Unless indicated otherwise, the following conventions are used to represent data and datasets.

  • Training datasets are assumed to have \(N\) observations and \(D\) predictors.

  • The vector of features for the \(n^\text{th}\) observation is given by \(\bx_n\). Note that \(\bx_n\) might include functions of the original predictors through feature engineering. When the target variable is single-dimensional (i.e. there is only one target variable per observation), it is given by \(y_n\); when there are multiple target variables per observation, the vector of targets is given by \(\by_n\).

  • The entire collection of input and output data is often represented with \(\{\bx_n, y_n\}_{n = 1}^N\), which implies observation \(n\) has a multi-dimensional predictor vector \(\bx_n\) and a target variable \(y_n\) for \(n = 1, 2, \dots, N\).

  • Many models, such as ordinary linear regression, append an intercept term to the predictor vector. When this is the case, \(\bx_n\) will be defined as

    \[ \bx_n = \begin{pmatrix} 1 & x_{n1} & x_{n2} & ... & x_{nD} \end{pmatrix}. \]
  • Feature matrices or data frames are created by concatenating feature vectors across observations. Within a matrix, feature vectors are row vectors, with \(\bx_n\) representing the matrix’s \(n^\text{th}\) row. These matrices are then given by \(\bX\). If a leading 1 is appended to each \(\bx_n\), the first column of the corresponding feature matrix \(\bX\) will consist of only 1s.

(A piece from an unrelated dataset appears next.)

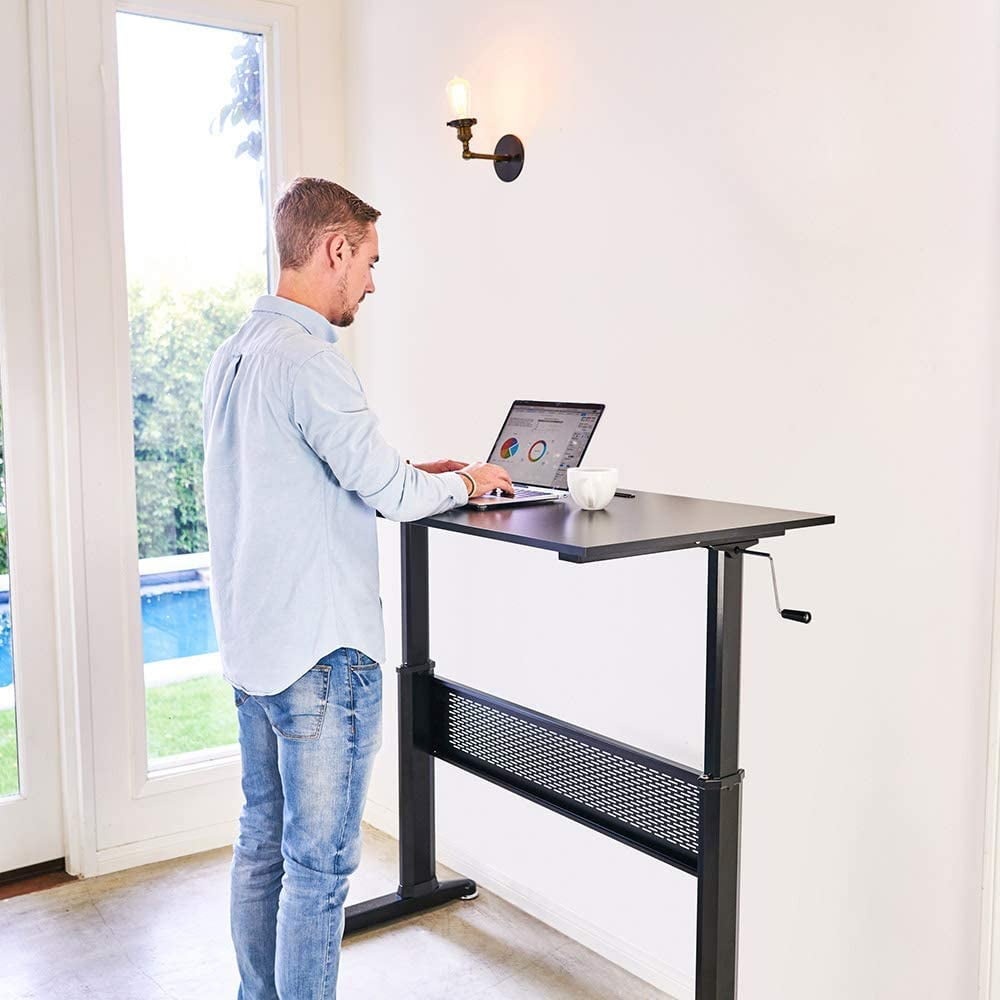 Standing Desk Converter Computer Workstation Height Adjustable Desk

Finally, the following mathematical and notational conventions are used.

  • Scalar values will be non-boldface and lowercase, random variables will be non-boldface and uppercase, vectors will be bold and lowercase, and matrices will be bold and uppercase. E.g. \(b\) is a scalar, \(B\) a random variable, \(\mathbf{b}\) a vector, and \(\mathbf{B}\) a matrix.

  • Unless indicated otherwise, all vectors are assumed to be column vectors. Since feature vectors (such as \(\bx_n\) and \(\bphi_n\) above) are entered into data frames as rows, they will sometimes be treated as row vectors, even outside of data frames.

  • Matrix or vector derivatives, covered in the math appendix, will use the numerator layout convention. Let \(\by \in \R^a\) and \(\bx \in \R^b\); under this convention, the derivative \(\partial\by/\partial\bx\) is written as

\[\begin{split} \dadb{\by}{\bx} = \begin{pmatrix} \dadb{y_1}{x_1} & ... & \dadb{y_1}{x_b} \\ \dadb{y_2}{x_1} & ... & \dadb{y_2}{x_b} \\ & ... & \\ \dadb{y_a}{x_1} & ... & \dadb{y_a}{x_b} \\ \end{pmatrix}. \end{split}\]
  • The likelihood of a parameter \(\theta\) given data \(\{x_n\}_{n = 1}^N\) is represented by \(\mathcal{L}\left(\theta; \{x_n\}_{n = 1}^N\right)\). If we are considering the data to be random (i.e. not yet observed), it will be written as \(\{X_n\}_{n = 1}^N\). If the data in consideration is obvious, we may write the likelihood as just \(\mathcal{L}(\theta)\).